Well the Kickstarter page is finally here. Steven, over at Self Learn LA, and I are self-publishing a book, titled Wave Manual, that serves as an educator’s handbook for the construction and maintenance of a Free Radio station. Here’s a description of the project:

Our goal is to produce a book, titled WAVE MANUAL, that bridges the gap between the theoretical and practical advantages of Free Radio. The book will unfold along three sections:

* First, a theoretical engagement with Micro FM broadcasting by working through the texts of thinkers like Felix Guatarri and veteran Free Radio activists such as Stephen Dunifer of Free Radio Berkeley, and Tetsuo Kogawa. In particular, we will focus on Micro FM as a social activity that raises questions about the relationship between media, democracy, pedagogy, and local politics.

* Secondly, we will elaborate upon the history of Free Radio and its involvement in various social movements around the globe. In particular, we will focus on the 2006 Oaxaca, Mexico uprising in which local media outlets were seized by protestors for the purpose of (1) quickly disseminating information to protestors, such as police and military repression, and (2)challenging Mexico’s mainstream media which demonized and manipulated the intents and purposes of the uprising.
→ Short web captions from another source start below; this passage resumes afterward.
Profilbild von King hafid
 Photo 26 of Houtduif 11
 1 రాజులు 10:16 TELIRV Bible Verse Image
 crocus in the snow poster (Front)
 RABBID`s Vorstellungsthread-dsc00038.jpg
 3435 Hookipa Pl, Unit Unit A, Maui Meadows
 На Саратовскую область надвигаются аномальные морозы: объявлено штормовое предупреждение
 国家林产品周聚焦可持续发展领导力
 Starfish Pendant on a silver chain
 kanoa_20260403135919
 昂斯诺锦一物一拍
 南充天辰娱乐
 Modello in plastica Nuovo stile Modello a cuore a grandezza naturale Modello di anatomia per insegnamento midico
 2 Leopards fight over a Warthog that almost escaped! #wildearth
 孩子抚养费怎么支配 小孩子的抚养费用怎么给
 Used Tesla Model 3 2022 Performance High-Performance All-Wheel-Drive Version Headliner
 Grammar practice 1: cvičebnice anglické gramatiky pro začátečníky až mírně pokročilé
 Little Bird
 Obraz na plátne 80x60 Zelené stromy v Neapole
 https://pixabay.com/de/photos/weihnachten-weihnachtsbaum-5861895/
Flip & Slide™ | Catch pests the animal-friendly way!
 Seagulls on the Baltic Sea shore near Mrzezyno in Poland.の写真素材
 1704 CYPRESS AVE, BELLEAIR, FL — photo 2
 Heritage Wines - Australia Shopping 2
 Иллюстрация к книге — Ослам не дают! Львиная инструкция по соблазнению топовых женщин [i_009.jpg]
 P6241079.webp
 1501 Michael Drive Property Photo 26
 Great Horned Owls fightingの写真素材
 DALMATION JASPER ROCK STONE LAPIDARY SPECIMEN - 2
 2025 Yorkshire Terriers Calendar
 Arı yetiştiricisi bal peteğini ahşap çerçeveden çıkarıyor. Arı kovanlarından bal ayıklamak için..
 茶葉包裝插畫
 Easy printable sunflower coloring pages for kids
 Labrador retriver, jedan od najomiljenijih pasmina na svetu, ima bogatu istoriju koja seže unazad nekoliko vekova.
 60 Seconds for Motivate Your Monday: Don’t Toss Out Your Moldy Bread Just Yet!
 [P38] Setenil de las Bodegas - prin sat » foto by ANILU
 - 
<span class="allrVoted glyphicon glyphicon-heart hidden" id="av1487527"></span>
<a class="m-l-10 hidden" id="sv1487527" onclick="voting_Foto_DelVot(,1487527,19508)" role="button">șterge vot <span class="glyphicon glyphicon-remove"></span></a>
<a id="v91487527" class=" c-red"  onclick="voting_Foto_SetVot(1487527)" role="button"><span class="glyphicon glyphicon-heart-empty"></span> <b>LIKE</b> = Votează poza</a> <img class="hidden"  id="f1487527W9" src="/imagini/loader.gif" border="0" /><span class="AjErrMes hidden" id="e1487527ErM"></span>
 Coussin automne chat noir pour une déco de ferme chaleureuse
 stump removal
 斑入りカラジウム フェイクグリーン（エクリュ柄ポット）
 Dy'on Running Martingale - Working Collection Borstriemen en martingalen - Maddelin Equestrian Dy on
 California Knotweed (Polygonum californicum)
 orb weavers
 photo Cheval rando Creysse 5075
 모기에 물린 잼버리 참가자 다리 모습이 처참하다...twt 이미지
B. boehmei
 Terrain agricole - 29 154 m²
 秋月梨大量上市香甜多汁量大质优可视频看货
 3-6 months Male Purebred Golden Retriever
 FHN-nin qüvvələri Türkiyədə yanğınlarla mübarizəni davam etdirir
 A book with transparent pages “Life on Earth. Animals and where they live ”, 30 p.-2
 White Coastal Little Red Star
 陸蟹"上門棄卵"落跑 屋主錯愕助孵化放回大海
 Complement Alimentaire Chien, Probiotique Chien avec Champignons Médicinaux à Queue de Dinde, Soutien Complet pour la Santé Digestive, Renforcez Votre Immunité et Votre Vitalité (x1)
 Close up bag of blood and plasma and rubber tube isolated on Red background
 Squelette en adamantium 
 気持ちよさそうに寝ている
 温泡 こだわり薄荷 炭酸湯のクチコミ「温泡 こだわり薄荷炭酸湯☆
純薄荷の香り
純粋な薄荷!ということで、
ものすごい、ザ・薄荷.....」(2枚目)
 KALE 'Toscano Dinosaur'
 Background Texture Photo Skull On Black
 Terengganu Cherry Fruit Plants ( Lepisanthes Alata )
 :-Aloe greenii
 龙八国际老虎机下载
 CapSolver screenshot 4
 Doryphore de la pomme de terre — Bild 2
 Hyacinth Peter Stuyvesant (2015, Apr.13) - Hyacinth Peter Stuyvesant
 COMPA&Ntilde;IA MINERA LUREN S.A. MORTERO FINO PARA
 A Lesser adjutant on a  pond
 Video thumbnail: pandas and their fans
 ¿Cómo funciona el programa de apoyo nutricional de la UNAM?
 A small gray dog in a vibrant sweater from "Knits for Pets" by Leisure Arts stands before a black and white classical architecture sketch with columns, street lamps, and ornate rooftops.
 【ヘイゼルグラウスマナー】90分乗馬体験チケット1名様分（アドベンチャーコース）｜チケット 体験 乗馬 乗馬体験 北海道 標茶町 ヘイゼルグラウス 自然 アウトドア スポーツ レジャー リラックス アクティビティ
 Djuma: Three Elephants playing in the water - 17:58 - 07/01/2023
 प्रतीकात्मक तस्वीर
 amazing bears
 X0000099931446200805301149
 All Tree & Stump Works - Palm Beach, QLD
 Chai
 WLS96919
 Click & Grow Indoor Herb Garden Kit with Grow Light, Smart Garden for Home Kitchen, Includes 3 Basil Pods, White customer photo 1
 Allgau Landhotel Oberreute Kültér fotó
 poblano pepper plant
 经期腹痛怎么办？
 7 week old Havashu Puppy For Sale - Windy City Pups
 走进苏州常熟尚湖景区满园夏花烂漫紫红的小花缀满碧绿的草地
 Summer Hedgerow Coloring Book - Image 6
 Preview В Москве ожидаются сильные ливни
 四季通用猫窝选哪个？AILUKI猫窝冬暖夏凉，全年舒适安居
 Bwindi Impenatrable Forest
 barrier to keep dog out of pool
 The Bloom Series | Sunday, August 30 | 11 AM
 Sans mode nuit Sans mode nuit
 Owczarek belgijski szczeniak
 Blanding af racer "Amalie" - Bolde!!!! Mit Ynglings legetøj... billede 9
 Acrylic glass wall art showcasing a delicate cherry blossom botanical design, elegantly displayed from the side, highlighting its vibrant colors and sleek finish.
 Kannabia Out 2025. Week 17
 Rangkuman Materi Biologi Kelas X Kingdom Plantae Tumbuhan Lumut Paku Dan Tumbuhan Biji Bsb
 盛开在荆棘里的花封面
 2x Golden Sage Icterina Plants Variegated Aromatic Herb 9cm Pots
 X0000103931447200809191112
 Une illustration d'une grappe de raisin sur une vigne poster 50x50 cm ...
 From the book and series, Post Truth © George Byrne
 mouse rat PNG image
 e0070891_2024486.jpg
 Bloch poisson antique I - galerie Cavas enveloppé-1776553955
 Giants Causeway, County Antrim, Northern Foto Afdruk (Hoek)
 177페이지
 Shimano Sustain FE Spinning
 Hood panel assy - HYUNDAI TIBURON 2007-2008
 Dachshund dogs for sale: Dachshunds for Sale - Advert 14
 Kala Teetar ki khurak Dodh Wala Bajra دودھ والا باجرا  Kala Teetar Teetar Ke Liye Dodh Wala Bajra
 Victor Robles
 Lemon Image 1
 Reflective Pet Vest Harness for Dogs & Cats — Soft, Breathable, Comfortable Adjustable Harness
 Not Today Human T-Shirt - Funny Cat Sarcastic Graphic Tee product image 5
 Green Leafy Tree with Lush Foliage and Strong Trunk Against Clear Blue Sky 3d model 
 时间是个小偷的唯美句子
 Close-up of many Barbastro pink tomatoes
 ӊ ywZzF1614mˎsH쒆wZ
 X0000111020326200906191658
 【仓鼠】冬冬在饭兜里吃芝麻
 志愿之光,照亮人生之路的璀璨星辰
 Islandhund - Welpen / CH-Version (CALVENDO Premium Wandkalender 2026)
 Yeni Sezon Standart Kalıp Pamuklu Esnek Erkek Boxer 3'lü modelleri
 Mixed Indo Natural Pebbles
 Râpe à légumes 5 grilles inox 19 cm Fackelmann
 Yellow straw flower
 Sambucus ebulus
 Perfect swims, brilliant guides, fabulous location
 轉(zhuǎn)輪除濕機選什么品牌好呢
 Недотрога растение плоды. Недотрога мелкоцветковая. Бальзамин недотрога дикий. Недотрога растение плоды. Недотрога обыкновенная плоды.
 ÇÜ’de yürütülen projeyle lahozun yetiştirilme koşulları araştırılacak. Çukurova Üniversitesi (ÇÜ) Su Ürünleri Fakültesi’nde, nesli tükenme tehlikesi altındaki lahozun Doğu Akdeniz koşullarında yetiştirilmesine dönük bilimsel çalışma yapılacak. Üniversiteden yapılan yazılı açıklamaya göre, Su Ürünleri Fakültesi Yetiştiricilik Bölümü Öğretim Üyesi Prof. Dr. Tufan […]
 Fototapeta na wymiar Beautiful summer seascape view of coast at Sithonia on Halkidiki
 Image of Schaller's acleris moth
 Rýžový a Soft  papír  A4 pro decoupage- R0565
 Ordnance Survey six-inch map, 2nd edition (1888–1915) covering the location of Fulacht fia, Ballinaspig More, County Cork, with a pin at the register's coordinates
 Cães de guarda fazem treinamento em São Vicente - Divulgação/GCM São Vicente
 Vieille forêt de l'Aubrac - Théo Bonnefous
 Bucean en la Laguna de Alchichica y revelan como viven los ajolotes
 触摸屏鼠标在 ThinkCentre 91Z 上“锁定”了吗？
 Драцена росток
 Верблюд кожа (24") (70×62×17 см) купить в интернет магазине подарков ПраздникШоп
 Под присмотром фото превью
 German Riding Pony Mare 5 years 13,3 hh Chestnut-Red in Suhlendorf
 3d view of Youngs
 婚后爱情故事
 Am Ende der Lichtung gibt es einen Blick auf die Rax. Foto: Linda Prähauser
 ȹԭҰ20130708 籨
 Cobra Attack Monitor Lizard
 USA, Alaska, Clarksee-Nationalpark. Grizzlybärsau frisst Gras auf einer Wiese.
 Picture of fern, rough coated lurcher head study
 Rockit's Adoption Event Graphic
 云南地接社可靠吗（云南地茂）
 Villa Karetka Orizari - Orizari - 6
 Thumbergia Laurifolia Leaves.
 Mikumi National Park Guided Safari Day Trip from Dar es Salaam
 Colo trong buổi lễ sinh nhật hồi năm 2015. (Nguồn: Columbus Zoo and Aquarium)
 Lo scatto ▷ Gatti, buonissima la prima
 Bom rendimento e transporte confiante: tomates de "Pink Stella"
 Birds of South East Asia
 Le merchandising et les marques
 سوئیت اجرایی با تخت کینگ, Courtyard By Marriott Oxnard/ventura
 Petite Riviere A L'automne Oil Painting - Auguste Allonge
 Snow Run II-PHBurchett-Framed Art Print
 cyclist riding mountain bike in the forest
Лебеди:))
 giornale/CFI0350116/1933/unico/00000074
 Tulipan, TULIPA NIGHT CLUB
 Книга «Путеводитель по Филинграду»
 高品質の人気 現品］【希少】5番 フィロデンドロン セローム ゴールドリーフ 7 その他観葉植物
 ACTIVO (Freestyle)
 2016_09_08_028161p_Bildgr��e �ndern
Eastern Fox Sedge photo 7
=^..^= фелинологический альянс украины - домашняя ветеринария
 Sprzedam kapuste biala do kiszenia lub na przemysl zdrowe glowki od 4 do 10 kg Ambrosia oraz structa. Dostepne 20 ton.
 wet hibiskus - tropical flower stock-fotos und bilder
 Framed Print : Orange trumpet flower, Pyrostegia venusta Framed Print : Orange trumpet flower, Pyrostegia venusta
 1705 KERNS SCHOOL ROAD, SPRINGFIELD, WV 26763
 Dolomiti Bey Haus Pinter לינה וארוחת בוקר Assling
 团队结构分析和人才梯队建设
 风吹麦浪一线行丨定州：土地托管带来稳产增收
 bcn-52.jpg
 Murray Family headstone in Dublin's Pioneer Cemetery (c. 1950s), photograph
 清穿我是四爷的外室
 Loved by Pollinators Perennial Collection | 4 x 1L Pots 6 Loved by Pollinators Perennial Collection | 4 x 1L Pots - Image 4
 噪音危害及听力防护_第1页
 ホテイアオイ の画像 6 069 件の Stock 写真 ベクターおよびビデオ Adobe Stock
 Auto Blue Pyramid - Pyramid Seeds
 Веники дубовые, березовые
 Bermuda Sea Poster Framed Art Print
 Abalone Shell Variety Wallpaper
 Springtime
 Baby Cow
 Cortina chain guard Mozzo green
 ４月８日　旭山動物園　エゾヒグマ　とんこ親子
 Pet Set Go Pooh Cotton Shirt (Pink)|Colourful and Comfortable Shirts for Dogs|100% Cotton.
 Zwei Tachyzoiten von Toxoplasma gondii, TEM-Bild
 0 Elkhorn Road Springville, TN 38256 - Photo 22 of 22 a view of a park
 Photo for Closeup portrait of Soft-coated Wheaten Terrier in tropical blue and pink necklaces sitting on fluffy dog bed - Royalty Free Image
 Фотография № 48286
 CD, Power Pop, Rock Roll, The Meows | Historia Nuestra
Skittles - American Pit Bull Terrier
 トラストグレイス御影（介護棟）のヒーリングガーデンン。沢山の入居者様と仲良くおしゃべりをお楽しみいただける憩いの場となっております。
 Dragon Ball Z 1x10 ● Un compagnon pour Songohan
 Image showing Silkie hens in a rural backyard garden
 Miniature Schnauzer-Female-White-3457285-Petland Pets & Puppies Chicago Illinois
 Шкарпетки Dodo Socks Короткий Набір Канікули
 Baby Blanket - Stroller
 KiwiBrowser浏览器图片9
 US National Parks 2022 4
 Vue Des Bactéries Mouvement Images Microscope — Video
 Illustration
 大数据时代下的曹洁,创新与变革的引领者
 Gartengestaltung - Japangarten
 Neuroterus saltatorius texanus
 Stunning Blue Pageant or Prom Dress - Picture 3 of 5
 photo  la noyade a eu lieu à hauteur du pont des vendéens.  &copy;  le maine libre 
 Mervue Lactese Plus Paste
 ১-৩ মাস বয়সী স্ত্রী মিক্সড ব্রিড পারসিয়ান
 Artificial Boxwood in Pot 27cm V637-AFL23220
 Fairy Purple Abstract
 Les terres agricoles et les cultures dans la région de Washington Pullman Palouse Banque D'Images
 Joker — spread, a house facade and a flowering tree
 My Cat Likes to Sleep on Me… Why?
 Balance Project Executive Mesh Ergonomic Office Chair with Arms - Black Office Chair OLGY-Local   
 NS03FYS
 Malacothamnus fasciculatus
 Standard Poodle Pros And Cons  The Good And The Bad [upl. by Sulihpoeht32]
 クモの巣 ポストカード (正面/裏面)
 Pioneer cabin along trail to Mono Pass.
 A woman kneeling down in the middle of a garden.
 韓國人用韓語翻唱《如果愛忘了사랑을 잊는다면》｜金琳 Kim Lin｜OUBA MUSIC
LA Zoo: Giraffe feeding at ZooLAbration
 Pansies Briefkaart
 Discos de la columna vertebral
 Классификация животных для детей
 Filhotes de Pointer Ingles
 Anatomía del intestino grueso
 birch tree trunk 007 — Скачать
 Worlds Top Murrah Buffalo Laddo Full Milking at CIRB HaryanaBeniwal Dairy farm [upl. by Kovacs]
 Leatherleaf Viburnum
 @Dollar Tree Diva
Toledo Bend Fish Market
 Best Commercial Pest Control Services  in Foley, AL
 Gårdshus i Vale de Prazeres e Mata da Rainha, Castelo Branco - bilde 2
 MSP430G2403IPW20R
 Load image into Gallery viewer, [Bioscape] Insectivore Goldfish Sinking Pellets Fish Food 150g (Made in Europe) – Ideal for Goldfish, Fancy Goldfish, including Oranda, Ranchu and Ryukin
The fact that these citizen-run media outlets became such an important target for police and military raises questions about the importance of media for maintaining control over civilian populations.

* Thirdly, and most importantly, we will present a pedagogical framework that serves as an adaptable manual for teaching the creation of Micro FM stations in a community classroom setting. The goal of this section is to provide educators and community members with the tools to construct and maintain a Micro FM station as well as a radically democratic space that calls for and develops community participation.

WAVE MANUAL will not be your standard, run-of-the-mill textbook. We intend to approach the book as a work of art that includes graffiti, paintings, flyers, broadcasts, and collaborative community projects that have taken place both within the Free Radio movement and in the construction of our text.

WAVE MANUAL will not simply be a theoretical exercise but a documentation of our complete immersion into the Micro-FM movement that includes travel to Mexico and around the U.S. to work with and interview participants of various Free Radio collectives.

Your donations go to travel expenses, the procurement of materials, and the publishing costs of WAVE MANUAL. We are extremely excited about the potentials of this project and we thank you for your donations.

Even if you can only donate a couple dollars, it would be extremely helpful. Just as helpful would be spreading the word, sharing our Kickstarter page on your blog, Facebook, etc etc. Also, we intend to help raise funds by screening the documentary Un Poquito de Tanta Verdad. So, if you’re in the So Cal area and would like us to set up a screening at your community center, home, or school, let us know!

Also, now that we’ve launched the page, I’ll have more time for writing. The month of June is looking to be extremely productive.